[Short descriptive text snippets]
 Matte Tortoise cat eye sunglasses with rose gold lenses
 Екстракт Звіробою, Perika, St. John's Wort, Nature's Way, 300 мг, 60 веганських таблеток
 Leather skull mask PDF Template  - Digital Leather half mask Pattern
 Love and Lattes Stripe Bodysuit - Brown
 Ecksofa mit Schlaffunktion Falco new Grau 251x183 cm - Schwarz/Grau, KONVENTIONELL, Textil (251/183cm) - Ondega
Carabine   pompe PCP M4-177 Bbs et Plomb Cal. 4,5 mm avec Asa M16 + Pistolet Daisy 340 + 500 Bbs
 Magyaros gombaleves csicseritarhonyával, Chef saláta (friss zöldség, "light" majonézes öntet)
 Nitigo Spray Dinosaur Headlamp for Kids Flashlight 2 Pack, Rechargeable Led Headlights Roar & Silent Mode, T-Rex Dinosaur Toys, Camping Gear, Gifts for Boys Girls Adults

--

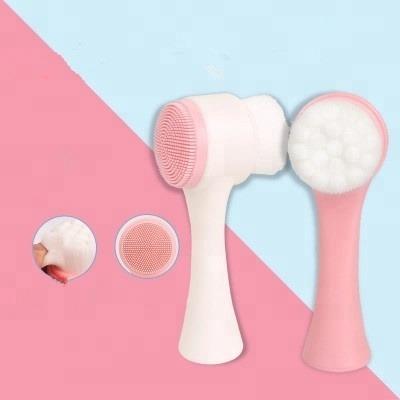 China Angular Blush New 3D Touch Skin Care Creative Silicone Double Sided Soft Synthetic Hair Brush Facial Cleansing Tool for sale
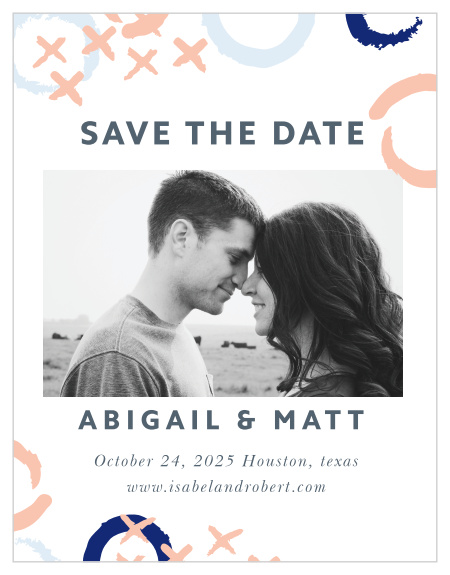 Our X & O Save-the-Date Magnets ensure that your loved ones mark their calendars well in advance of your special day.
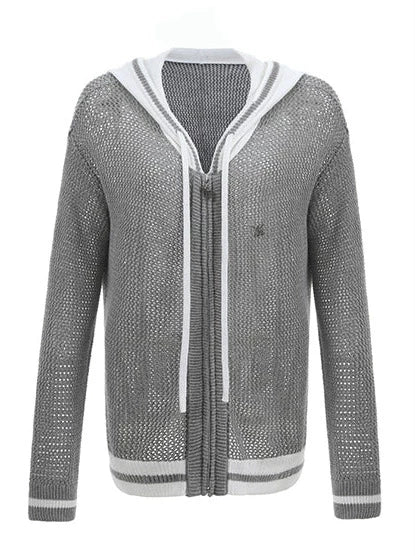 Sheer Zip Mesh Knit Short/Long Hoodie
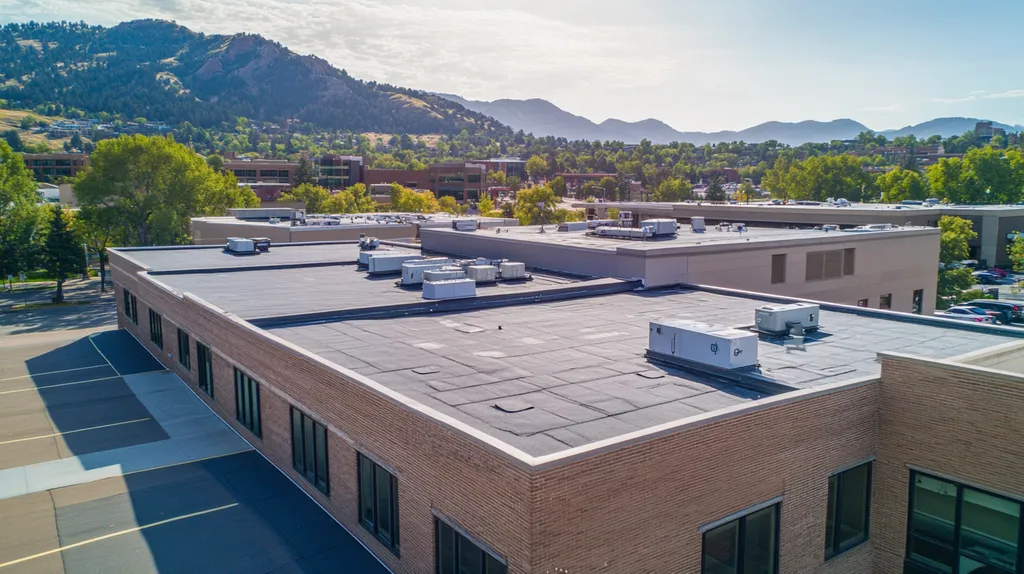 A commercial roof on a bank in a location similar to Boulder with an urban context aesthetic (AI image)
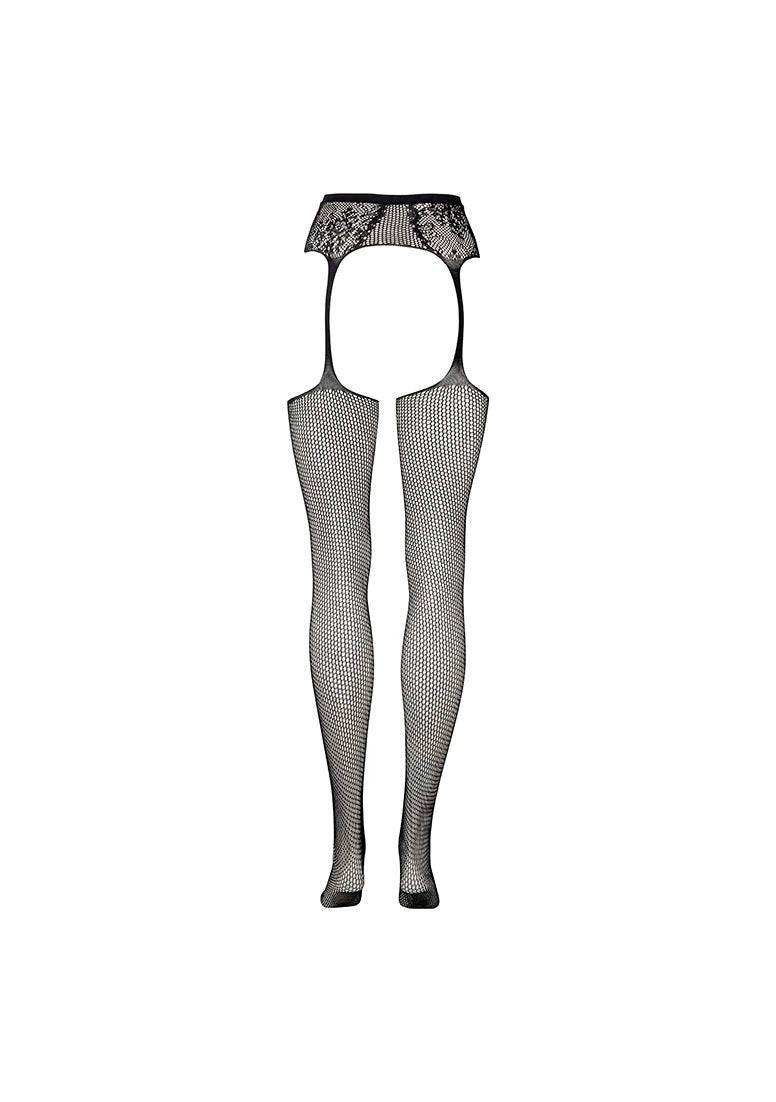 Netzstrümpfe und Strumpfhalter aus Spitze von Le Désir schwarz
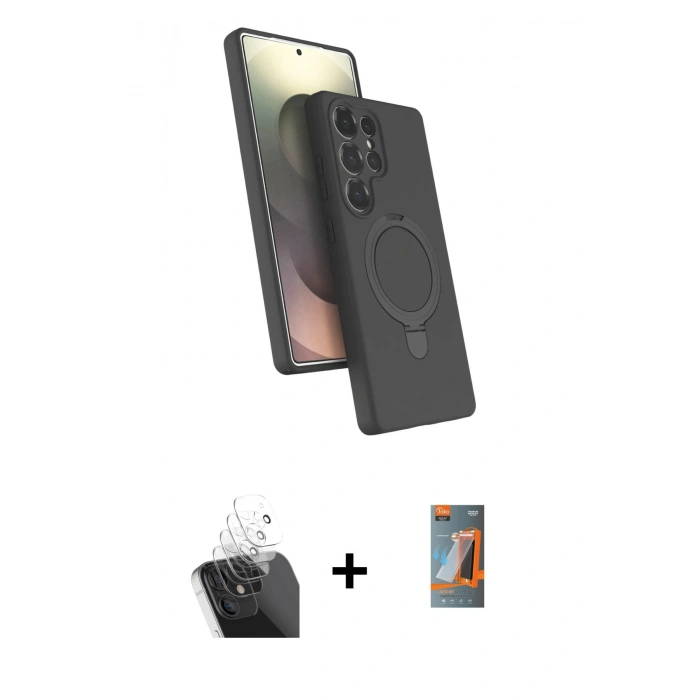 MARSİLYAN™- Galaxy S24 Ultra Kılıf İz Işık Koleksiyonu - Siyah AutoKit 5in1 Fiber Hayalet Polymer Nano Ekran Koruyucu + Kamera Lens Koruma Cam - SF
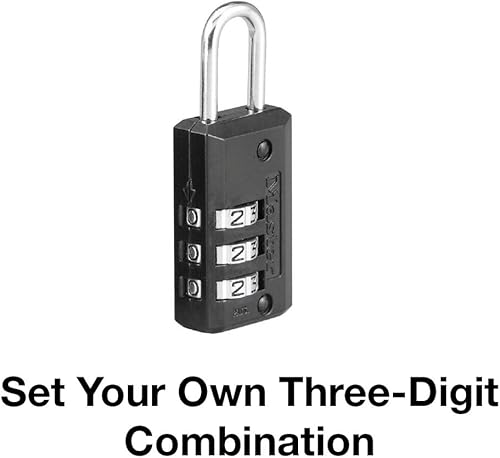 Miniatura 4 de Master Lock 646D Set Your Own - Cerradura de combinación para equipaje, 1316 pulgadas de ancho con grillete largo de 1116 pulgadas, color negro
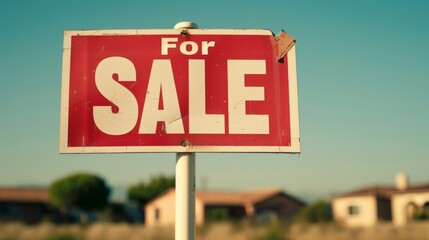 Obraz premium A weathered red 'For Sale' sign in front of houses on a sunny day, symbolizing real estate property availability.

WORK INSTRUCTION: Find "Love and Lattes Stripe Bodysuit - Brown" in the entries above and copy that whole line exactly, then each line after it through the line that contains "Nitigo Spray Dinosaur".

EXERCISE RESULT:
 Love and Lattes Stripe Bodysuit - Brown
 Ecksofa mit Schlaffunktion Falco new Grau 251x183 cm - Schwarz/Grau, KONVENTIONELL, Textil (251/183cm) - Ondega
Carabine   pompe PCP M4-177 Bbs et Plomb Cal. 4,5 mm avec Asa M16 + Pistolet Daisy 340 + 500 Bbs
 Magyaros gombaleves csicseritarhonyával, Chef saláta (friss zöldség, "light" majonézes öntet)
 Nitigo Spray Dinosaur Headlamp for Kids Flashlight 2 Pack, Rechargeable Led Headlights Roar & Silent Mode, T-Rex Dinosaur Toys, Camping Gear, Gifts for Boys Girls Adults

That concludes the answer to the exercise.